In England and Wales, the picture has been muddied by the economic downturn which began in the first year of the ban, leading to recession in year two. Our ability to assess ban damage has also not been helped by the difficulty in finding solid and specific data on pub closures. The British Beer and Pub Association has issued figures showing 39 pub closures a week, more recently rising to 52 pub closures. Measured against 2 or 4 pub closures a week before the ban, one would have to be rather blinkered to pretend that the smoking ban has not been a major factor (although some have tried), but they are still annual figures for the whole of Britain. We have not had the benefit of seeing quarterly figures for each part of the UK.
But now we do. As the Morning Advertiser reported on Friday, and Taking Liberties reports today, data from the CGA Database give us a much clearer idea of what has been happening. Analysed by CR Consulting for the Save Our Pubs and Clubs campaign, the report concludes:
The results demonstrate a very close statistical relationship between the introduction of the smoking bans and the acceleration of the decline of the British and Irish pubs.
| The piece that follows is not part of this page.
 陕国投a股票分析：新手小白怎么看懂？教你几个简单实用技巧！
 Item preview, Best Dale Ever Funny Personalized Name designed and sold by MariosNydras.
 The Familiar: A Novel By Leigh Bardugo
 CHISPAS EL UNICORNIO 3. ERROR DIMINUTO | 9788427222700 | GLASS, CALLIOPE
This relationship is considerably stronger than those that could be attributed to a change in the beer duty or the recession.
The strength of this report is that it looks at four countries which implemented bans at different times (Ireland: 2004, Scotland: 2006, England & Wales: 2007). Pub closures accelerated in all four countries from the middle of 2008, which obviously indicates an effect from the recession. Since there are multiple, combinative factors leading to pub closures, it may be that the recession was the final nail in the coffin for pubs already weakened by the smoking ban. Or it may not. The best way to tell would be to see how many pub closed in previous recessions. My understanding is that pubs are traditionally seen as recession-proof, but I have yet to find reliable data for this.
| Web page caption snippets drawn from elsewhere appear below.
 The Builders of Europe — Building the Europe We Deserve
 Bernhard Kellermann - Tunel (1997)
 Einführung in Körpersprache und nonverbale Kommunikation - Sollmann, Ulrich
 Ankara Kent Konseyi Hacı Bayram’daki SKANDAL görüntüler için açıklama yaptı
But if the smoking ban's impact on pubs in England and Wales is muddied by the following year's recession, the same cannot be said of Ireland and Scotland, whose respective bans were enforced four and a half years and two and a half years before the recession began.
What is striking about the figures from the CGA Database is that there is the same pattern of pub closures, regardless of implementation date and regardless of the wider economy. Large-scale pub closures began in Ireland, then in Scotland and finally in England and Wales, perfectly following the chronology of the smokefree legislation.
Furthermore, the rate of closures is remarkably similar across the four countries. Closures in year two of the smoking bans are within the narrow range of 4.1% and 5.6%. In year three, they range from 5.5% to 7.6%. And in year four, both Scotland and Ireland saw the closure rate rise to 11% (all % are based on percentage change since the smoking ban.
In the first year of a smoking ban, the damage is less pronounced. Pubs are unlikely to close straight away—most can at least make it through the first winter. The exception here is Ireland which saw a large number of closures straight away (7.3%). Since the Irish economy was positively booming in 2004/05, this cannot be attributed to the wider economy. It would be interesting to see data for previous years.
What this report shows is that England's rate of pub closures in 2008/09 (4.9%) was very similar Scotland's rate of closures in 2007/08 (4.6%). Likewise, Ireland's rate of closures in 2007/08 (11%) was virtually the same as Scotland's rate of closures in 2009/10 (11.1%).
In other words, each country is experiencing the same phenomenon to almost exactly the same degree but in different years. The only plausible explanation for this time-lag is the implementation of smoking bans. When you look at closure rates in the context of when each smoking ban was introduced, the data fits like a glove.
It also fits all the other evidence. It fits what publicans have been saying:
The readers' poll showed 77% of licensees think that trade has suffered as a result of the ban. Almost two thirds (63%) say business is worse than expected, and 72% predict a "challenging" or "very challenging" outlook for their business. Three out of five licensees said they had let staff go or reduced their hours. In addition, 73% want the ban lifted.
It fits what market analysts have been saying:
Pubs have sold 175 million fewer pints in the past year as a direct result of the smoking ban, according to market analysts AC Nielsen.
It fits what pubgoers have been saying:
There's no need for any fancy statistical analysis of trends over time. Just ask the customers.
It fits what the share prices of the Pubcos have been telling us:
You'll notice that the collapse of the share price began almost on the dot of July 1st 2007. Recession? No—that didn't start until October 2008, by which time the company had lost 75% of its value. Supermarket booze? 'Twas ever thus. Bad management? Perhaps, but the story is the same for all the pub companies.
It fits what economic theory predicts will happen when a externality is imposed on a business; it fits what the pub industry did predict would happen; it fits what has happened in other countries, in other states and in other cities.
The only thing it doesn't fit is the rhetoric of anti-smoking groups like ASH:
"Smoke-free polices are not only good for health, they are good for business. Evidence shows that in countries where smoke-free laws have been introduced, trade has generally increased."